Lecture #14: Recovery
Recovery in Distributed/Concurrent Systems

Lost messages, orphane messages, and livelock
Strongly Consistent Set of Checkpoints
Consistent Set of Checkpoints

A Simple Method for taking a Consistent Set of Checkpoints

Assumption: checkpoint, send/recv are atomic.
Take a checkpoint after sending every message.
The set of the most recent checkpoints is always consistent. Why? Is it strongly consistent?
What is the main problem with this approach? Take a checkpoint after every K messages sent?

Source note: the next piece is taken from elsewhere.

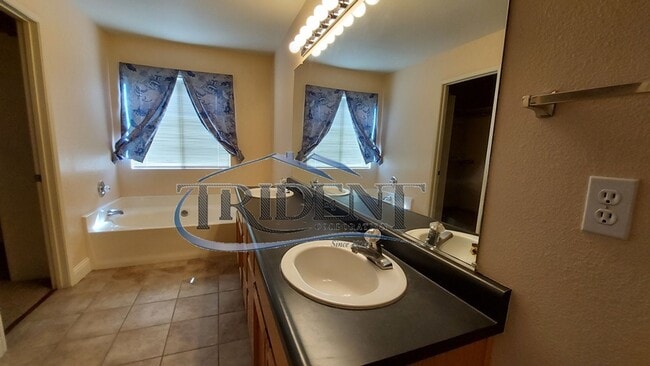 Building Photo - This is a large 4 bedroom, 3 bath SOLAR house with a bonus room upstairs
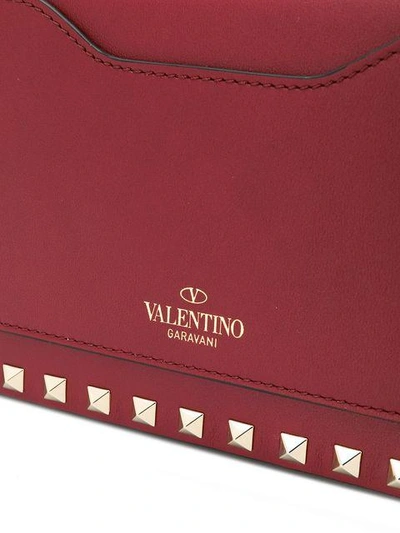 Shop Valentino Garavani Rockstud Shoulder Bag In Red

Is it still consistent?

Synchronous Checkpointing Algorithm (Koo and Toueg)

make some simplifying assumptions
- processes communicate by exchanging messages through channels
- channels are FIFO, end-to-end protocols cope with message loss due to rollback recovery.
- comm. failures do not partition the network
use 2 kinds of checkpoint
- tentative
- permanent

Synchronous Checkpointing: Phase 1

initiator: take tentative checkpoint
ask other processes to take tentative checkpoint
other processes: can respond `yes' or `no'
initiator: decide to make checkpoints permanent if everyone has responded `yes'

Synchronous Checkpointing: Phase 2

initiator: inform all processes of Phase 1 decision
(commit or abort checkpoint)
others: act accordingly

Between tentative checkpoint and commit/abort of checkpoint process must hold back messages.

Does this guarantee we have a strongly consistent state? Can you construct an example that shows we can still have lost messages?

Synchronous Checkpointing: Properties

all or none of the processes take permanent checkpoints
there is no record of a message being received but not sent

Checkpoints may be taken unnecessarily, give an example.

Can this unnecessarily checkpoints to avoided? A scheme is described in the book. Main idea

Record all messages sent and received after the last checkpoint. (last_recv(x, y), first_sent(x, y))
When X request Y to take a tentative checkpoint, X send the the last message received from Y with the request. Y takes tentative checkpoint only if the last message received by X from Y was sent after Y sent the first message after the last checkpoint (last_recv(x, y) >= first_send(y,x)).
When a process takes a checkpoint, it will ask all other processes that sent messages to the process to take checkpoints.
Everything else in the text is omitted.